# Functional and mechanistic interrogation of alpha neurexin extracellular domains

> **NIH NIH R01** · UNIVERSITY OF COLORADO DENVER · 2020 · $379,759

## Abstract

Neurexins (Nrxns) are a family of essential but poorly understood presynaptic cell-adhesion molecules that are
frequently linked to neuropsychiatric and neurodevelopmental disorders such as autism spectrum disorders
(ASDs), schizophrenia and intellectual disability (ID). Three evolutionarily conserved neurexin genes produce
longer alpha and shorter beta neurexin mRNAs that undergo extensive alternative splicing. α- and β-Nrxns
share common transmembrane and cytoplasmic sequences but differ in the length and complexity of their
extracellular domains (ECDs; 9 α-Nrxn domains compared to 1 β-Nrxn domain).
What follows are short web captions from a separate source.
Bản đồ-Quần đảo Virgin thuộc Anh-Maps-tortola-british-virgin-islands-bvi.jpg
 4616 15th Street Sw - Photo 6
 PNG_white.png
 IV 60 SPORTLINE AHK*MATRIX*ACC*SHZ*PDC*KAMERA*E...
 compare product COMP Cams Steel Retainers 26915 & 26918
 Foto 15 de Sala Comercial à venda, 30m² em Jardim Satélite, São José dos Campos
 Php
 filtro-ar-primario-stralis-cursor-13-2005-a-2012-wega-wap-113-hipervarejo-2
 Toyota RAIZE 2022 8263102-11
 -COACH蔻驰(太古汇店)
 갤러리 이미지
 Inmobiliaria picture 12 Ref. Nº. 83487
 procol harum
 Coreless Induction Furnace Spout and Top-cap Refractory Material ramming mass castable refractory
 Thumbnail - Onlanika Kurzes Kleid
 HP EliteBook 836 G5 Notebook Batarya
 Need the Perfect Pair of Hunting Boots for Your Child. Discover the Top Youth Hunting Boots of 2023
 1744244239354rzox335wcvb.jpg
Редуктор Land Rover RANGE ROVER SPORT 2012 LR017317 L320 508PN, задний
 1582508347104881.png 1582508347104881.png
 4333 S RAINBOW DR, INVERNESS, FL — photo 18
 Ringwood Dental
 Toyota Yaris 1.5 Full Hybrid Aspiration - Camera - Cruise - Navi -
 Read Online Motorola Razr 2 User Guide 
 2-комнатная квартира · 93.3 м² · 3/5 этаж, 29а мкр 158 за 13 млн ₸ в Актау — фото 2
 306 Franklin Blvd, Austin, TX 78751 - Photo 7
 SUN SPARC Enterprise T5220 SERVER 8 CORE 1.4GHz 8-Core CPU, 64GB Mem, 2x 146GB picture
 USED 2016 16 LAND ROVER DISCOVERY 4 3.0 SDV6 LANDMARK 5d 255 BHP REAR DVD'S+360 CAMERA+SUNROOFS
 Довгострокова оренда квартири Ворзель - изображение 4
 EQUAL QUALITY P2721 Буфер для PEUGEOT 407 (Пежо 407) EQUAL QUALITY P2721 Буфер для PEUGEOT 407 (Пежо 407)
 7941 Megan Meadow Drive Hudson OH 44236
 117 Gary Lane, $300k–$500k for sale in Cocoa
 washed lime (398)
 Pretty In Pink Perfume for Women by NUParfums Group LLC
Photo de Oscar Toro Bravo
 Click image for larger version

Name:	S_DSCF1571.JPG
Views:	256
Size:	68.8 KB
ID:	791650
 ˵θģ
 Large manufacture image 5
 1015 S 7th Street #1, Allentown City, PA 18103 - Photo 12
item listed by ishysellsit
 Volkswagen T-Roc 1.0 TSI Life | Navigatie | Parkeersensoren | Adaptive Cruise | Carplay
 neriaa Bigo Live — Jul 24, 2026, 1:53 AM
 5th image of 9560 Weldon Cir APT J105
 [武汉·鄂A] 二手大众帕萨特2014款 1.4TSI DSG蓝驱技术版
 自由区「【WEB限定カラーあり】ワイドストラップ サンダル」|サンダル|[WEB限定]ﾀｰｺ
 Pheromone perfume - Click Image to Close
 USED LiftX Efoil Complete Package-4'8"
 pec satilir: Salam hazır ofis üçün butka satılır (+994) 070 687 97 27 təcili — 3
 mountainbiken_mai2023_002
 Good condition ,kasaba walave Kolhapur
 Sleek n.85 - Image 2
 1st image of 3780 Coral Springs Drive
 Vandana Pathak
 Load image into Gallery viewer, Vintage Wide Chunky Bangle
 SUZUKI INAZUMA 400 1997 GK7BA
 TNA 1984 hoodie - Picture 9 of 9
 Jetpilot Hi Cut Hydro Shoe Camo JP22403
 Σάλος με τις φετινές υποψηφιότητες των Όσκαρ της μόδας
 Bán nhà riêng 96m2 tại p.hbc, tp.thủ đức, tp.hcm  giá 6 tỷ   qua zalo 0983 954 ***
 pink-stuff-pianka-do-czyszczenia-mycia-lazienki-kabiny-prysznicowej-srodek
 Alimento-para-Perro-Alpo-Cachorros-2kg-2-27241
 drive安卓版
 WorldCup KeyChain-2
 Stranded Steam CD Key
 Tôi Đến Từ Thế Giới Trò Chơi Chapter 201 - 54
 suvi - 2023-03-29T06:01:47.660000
Individual α-Nrxns are
associated with distinct neuropsychiatric disorders and disease-relevant mutations are commonly located in
genomic regions that code for α-Nrxn-specific extracellular sequences, suggesting that individual alpha
neurexin ECDs may control distinct aspects of synapse function. Despite their discovery over twenty years
ago, the fundamental question regarding the essential role of individual α-Nrxn ECDs at the synapse remains
unresolved. As an important first step in understanding how α-Nrxn-specific extracellular sequences function at
the synapse, our laboratory has identified an Nrxn3α compound heterozygous patient with profound ID and
epilepsy. One allele produces a non-functional protein and the second harbors a missense mutation in an
extracellular sequence shared by all α-Nrxns. Intriguingly, there are multiple ASD associated mutations in the
equivalent region of Nrxn1α indicating that this region plays an important role at the synapse. Preliminary data
from primary neurons and ex vivo acute slices revealed that expression of the missense Nrxn3α mutant
produced striking morphological and functional phenotypes at excitatory and inhibitory synapses.
Biochemically, the Nrxn3α missense mutation unexpectedly differentially modulated binding to two excitatory
postsynaptic ligands. Based on our preliminary data, we hypothesize that extracellular sequences of individual
alpha neurexins control distinct aspects of excitatory and inhibitory synapse function. Here, we will test our
central hypothesis in three specific aims: 1. Determine the impact of Nrxn3α extracellular sequences on
synaptic morphology and function in in vitro neuron cultures; 2. Biochemically assess how the Nrxn3α
missense mutation affects transsynaptic binding; and 3. Manipulate Nrxn3α ECD in vivo and assess its impact
on basal excitatory and inhibitory synaptic transmission and activity-dependent plasticity in ex vivo slices. To
accomplish aims 1 and 3, we will use molecular replacement, shRNA-mediated knockdown of endogenous
Nrxn3α and replacement with wild-type or mutant Nrxn3α to faithfully recapitulate the disease state, combined
with immunocytochemistry, electrophysiology and electron microscopy. Aim 2 will use in vitro biochemical and
structure/function approaches to measure binding affinities to known Nrxn ligands. These aims will provide first
insight into t...

## Key facts

- **NIH application ID:** 9901552
- **Project number:** 5R01MH116901-03
- **Recipient organization:** UNIVERSITY OF COLORADO DENVER
- **Principal Investigator:** Jason Aoto
- **Activity code:** R01 (R01, R21, SBIR, etc.)
- **Funding institute:** NIH
- **Fiscal year:** 2020
- **Award amount:** $379,759
- **Award type:** 5
- **Project period:** 2018-06-01 → 2023-04-30

## Primary source

NIH RePORTER: https://reporter.nih.gov/project-details/9901552

## Citation

> US National Institutes of Health, RePORTER application 9901552, Functional and mechanistic interrogation of alpha neurexin extracellular domains (5R01MH116901-03). Retrieved via AI Analytics 2026-05-22 from https://api.ai-analytics.org/grant/nih/9901552. Licensed CC0.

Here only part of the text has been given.